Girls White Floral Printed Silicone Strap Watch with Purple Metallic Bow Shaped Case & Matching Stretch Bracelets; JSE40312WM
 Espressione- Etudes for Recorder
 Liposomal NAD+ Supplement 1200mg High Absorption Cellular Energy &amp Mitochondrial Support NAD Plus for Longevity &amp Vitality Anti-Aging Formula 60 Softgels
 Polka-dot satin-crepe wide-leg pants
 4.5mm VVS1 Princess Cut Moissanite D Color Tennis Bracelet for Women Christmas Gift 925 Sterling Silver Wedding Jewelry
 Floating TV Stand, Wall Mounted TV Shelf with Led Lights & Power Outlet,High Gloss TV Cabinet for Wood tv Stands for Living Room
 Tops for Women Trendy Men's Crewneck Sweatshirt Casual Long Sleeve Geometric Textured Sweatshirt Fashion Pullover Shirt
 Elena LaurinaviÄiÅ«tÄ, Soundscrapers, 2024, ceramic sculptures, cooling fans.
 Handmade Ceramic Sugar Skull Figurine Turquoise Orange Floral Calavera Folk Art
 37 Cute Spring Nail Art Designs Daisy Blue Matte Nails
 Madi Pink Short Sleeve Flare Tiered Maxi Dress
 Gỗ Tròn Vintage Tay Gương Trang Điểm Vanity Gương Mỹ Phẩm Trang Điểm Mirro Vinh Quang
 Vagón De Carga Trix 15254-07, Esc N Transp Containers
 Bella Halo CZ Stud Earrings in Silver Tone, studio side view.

* **HOW TO COMPLETE THIS TASK**:
All that is wanted is a faithful reproduction of the line above with "Liposomal NAD+ Supplement", the line with "Tops for Women", and every line in between.

* **SOLUTION TO THIS TASK**:
 Liposomal NAD+ Supplement 1200mg High Absorption Cellular Energy &amp Mitochondrial Support NAD Plus for Longevity &amp Vitality Anti-Aging Formula 60 Softgels
 Polka-dot satin-crepe wide-leg pants
 4.5mm VVS1 Princess Cut Moissanite D Color Tennis Bracelet for Women Christmas Gift 925 Sterling Silver Wedding Jewelry
 Floating TV Stand, Wall Mounted TV Shelf with Led Lights & Power Outlet,High Gloss TV Cabinet for Wood tv Stands for Living Room
 Tops for Women Trendy Men's Crewneck Sweatshirt Casual Long Sleeve Geometric Textured Sweatshirt Fashion Pullover Shirt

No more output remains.